In the end, Davison survived the bumping to make the 33-car field, taking the 33rd and final spot in Saturday, and saw a dramatic increase in speed on Sunday to average 226.255 mph, putting him a very solid 19th on the grid.

An emotional James Davison walks back into Gasoline Alley after making the Indianapolis 500 field on Saturday. Photo: IndyCar

“It’s been an incredible weekend for the team after our mishap on Friday,” Davison revealed after Sunday’s qualifying.

He continued, “We had to endure a very long night, obviously it’s always depressing when you have a crashed car around here. We punched above our weight on bump day, and got ourselves in, but didn’t show our hand. We really laid it down on pole day to move from 33rd to 19th. It’s basically two days in a row the team has been rewarded for their hard work, making the show and moving up 14 positions on the grid. Unexpected results are always really nice in motorsports and we got that today with our improvement, substantially. Just very proud of the entire team and want to keep the momentum going next week.”

Conor Daly, too, had a stressful Saturday, as his No. 17 United States Air Force Honda – a joint effort with Dale Coyne Racing and Thom Burns Racing – lacked speed most of the week.

“Fast Friday” yielded some promise, as his quickest no-tow speed was 226.752 mph, good enough for 26th on the no-tow chart that day.

Saturday, however, proved a struggle. Unable to find the speed on his first two runs – he was bumped out of the field after his second attempt – he needed a third and final effort to make the field.

A four-lap average of 224.874 mph didn’t leave him much wiggle room, but it was just enough to get Daly into the field, as he took 32nd on the board. He’ll start 33rd after averaging 224.429 mph on Sunday.

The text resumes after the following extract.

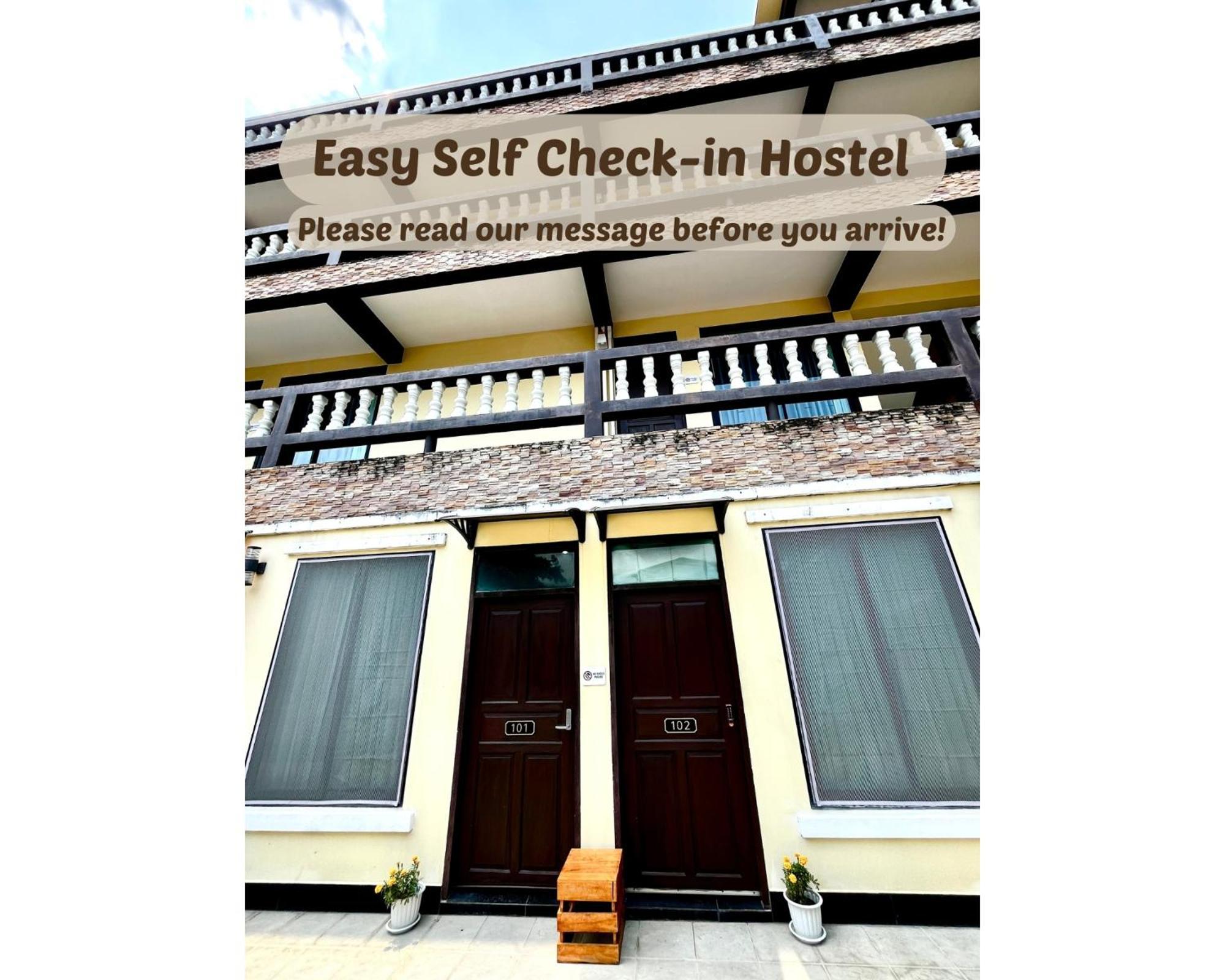 October Hostel Chiangmai Chiang Mai Dış mekan fotoğraf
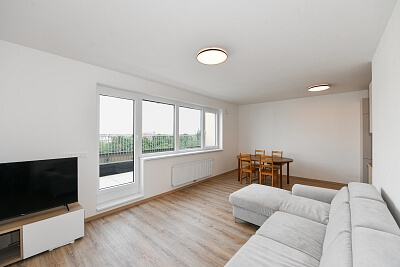 Sedlářova, Kbely - Praha 9 | Pronájem, Byt 2+kk, 70 m²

Conor Daly survived a stressful qualifying weekend to make the Indy 500 field. Photo: IndyCar

“No dramas (on Sunday), but we’re fighting for miles an hour. All I can do is put my foot down and do the best we can for our incredible partners at the U.S. Air Force. It’s incredible to be here with them and at this point, I’m just thankful to be in the field. I’d like to be a lot quicker, but we’ll see what we can do in practice tomorrow to improve our race car,” Daly detailed after Day 2 of qualifying.

Kyle Kaiser and Juncos Racing faced a similar uphill battle, but theirs was down to experience. Juncos was entering its second “500” after debuting last year, and their debut wasn’t exactly a smooth one.

Spencer Pigot and Sebastian Saavedra only qualified 29th and 31st respectively, though Saavedra was able to finish on the lead lap in 15th. Pigot, meanwhile, fought major handling issues all race long and languished six laps off the lead at race’s end, finishing in 18th.

The 2018 outing didn’t appear much easier, as the team tackled it with rookie driver Kyle Kaiser, with last year’s Indy Lights Presented by Cooper Tires champ trying to make the “500” in his first attempt.

“Fast Friday” looked to be a bad omen, as they were 33rd on the no-tow speed charts at the end of the day.

But, Saturday qualifying saw a drastic turn in fortunes, and to the positive side. Kaiser qualified with a four-lap average of 225.934 moh, good enough for 21st at the day’s end, and putting them well clear of any bumping drama.

His Sunday run of 226.398 mph exceeded expectations even further, and he will start Sunday’s race in 17th.

Kyle Kaiser during Indy 500 qualifying. Photo: IndyCar

“What an amazing day. I am in shock right now that we are going to be starting 17th for the 102nd Running of the Indianapolis 500,” an elated Kaiser exclaimed after Sunday. “It was a stellar performance by the team. They gave me a super quick car for qualifying. The conditions were very challenging as the wind picked up and it got really hot, but we made it through and put in the best lap in these conditions. I am so proud of the entire Juncos Racing crew and I am thrilled to represent NFP in the race next weekend.”